Beto Kalulú nasceu em São Mamede de Infesta, mas foi para Angola com três anos. Desde muito novo que a música foi o seu sonho e a sua vida. Ganhou visibilidade como baterista, ainda como Beto Silva, a partir de 1967, com o grupo The Windies. Veio para Portugal, em 1976, e formou uma banda. Cansou-se de Lisboa e decidiu rumar a Albufeira, onde já tinha estado em 1972, durante a viagem Luanda – Londres, que considerava a capital da música. E os outros músicos acompanharam-no. Ao fim de dois meses, descobriu Carvoeiro, onde assentaram arraiais. Mas o dinheiro era pouco. Chegava para pagar a renda ou para comer. Beto escolheu a segunda opção e descobriu as obras, então paradas, do Hotel Almansor (atual Tivoli Carvoeiro). E os abrigos dos trabalhadores desocupados. Construíram portas e janelas com tábuas e ali viveram durante quinze anos. Era uma comunidade artística onde estiveram alguns grandes músicos do panorama nacional.

Até 1982, Beto fez algumas longas incursões musicais pela Europa, fazendo sempre amizades duradouras. Em Grenoble, chegou a dar aulas de percussão e a acompanhar aulas de afro-danças. Sempre que tinha saudades, regressava ao Algarve, onde foi baterista do grande saxofonista Manuel Guerreiro, tocando juntos por muitos anos. Foi o período do jazz.

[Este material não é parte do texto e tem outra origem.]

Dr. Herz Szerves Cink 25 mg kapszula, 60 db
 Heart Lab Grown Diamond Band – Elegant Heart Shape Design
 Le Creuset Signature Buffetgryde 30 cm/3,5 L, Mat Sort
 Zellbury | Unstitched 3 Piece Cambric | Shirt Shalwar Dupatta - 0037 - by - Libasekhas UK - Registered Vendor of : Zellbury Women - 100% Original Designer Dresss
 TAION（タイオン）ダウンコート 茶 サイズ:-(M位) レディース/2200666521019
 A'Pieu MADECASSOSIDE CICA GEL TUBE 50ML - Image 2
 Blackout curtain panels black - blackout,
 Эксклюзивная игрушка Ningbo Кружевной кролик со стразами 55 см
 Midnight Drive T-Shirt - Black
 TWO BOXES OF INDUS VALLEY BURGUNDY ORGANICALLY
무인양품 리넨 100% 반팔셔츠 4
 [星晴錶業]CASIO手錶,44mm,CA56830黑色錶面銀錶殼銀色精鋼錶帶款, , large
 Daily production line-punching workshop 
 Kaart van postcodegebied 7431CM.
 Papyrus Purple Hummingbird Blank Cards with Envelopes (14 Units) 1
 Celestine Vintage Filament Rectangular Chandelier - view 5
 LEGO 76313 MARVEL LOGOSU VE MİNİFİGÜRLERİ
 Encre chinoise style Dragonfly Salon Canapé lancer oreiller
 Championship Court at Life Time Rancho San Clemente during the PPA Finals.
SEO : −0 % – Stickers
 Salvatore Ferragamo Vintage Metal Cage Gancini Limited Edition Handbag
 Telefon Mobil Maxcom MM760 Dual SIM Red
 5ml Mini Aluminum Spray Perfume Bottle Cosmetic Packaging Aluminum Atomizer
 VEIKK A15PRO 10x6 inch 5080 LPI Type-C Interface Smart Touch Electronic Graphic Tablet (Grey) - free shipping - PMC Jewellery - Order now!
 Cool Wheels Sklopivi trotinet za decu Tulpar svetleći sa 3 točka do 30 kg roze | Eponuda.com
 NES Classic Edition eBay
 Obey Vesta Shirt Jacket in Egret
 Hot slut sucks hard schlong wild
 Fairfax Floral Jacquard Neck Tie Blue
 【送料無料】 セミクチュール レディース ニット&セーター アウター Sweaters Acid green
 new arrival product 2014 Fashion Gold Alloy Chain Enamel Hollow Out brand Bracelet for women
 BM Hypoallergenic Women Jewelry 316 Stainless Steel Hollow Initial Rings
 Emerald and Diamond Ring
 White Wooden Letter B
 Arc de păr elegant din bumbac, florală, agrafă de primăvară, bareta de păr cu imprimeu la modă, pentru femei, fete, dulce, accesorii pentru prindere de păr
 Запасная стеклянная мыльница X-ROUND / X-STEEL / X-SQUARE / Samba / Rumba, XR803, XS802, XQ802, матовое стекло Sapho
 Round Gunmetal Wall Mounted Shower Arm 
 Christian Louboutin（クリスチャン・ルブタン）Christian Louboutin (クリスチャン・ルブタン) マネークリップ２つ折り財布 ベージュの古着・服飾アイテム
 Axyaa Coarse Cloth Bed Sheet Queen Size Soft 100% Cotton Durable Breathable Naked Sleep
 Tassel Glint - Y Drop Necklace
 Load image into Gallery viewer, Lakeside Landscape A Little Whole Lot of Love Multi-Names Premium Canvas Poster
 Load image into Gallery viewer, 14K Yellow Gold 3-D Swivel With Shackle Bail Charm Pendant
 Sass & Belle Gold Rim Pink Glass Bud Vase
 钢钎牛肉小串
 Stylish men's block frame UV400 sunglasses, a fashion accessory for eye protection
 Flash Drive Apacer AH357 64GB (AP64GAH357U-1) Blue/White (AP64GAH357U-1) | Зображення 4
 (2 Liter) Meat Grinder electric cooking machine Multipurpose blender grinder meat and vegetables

Embora continue a atuar com várias formações, lidera um conjunto base, a Beto Kalulú Band, de que fazem parte o seu filho Tomé Silva na bateria, Marcos Vitor no teclado e Quim Brandão no baixo. No alinhamento para concertos ao vivo recorre aos saxofonistas Matt Lester e Martin e, ainda, a outros convidados, de acordo com o tipo de evento. Já atuou em diversas cidades de França, Alemanha, Inglaterra, África do Sul, Madagáscar e Brasil.

«Infelizmente, não sou pianista nem guitarrista, o que me facilitaria a composição. Compus todas as minhas músicas na cabeça. A «Praia do Carvoeiro», por exemplo, deram-me uma harmónica, surgiu um balanço, ensaiei nas congas e escrevi a letra sobre as crianças», contou.
Quando a palavra reforma vem à baila, Beto é contundente: «Nem penso nisso! Descontei quarenta e tal anos para receber uma reforma de 328 euros. Entretanto, os políticos vagabundos que trabalham meia dúzia de anos recebem logo reformas de 10 mil euros e mais».

Faltava saber como aparecera o alcunha Kalulú. Depois de muitas tentativas, Beto explicou. «Juntei-me com o Zé Manel e o Quim Brandão, em 1983. Fomos tocar a uma discoteca em Coimbra, mas o grupo não tinha nome. Quando o dono da casa insistiu, o Zé Manel estava a comer um prato africano chamado kalulú e foi o nome que lhe veio à cabeça para o grupo. Como ficámos juntos muito tempo, o pessoal começou a referir-me como o Beto Kalulú e o nome ficou».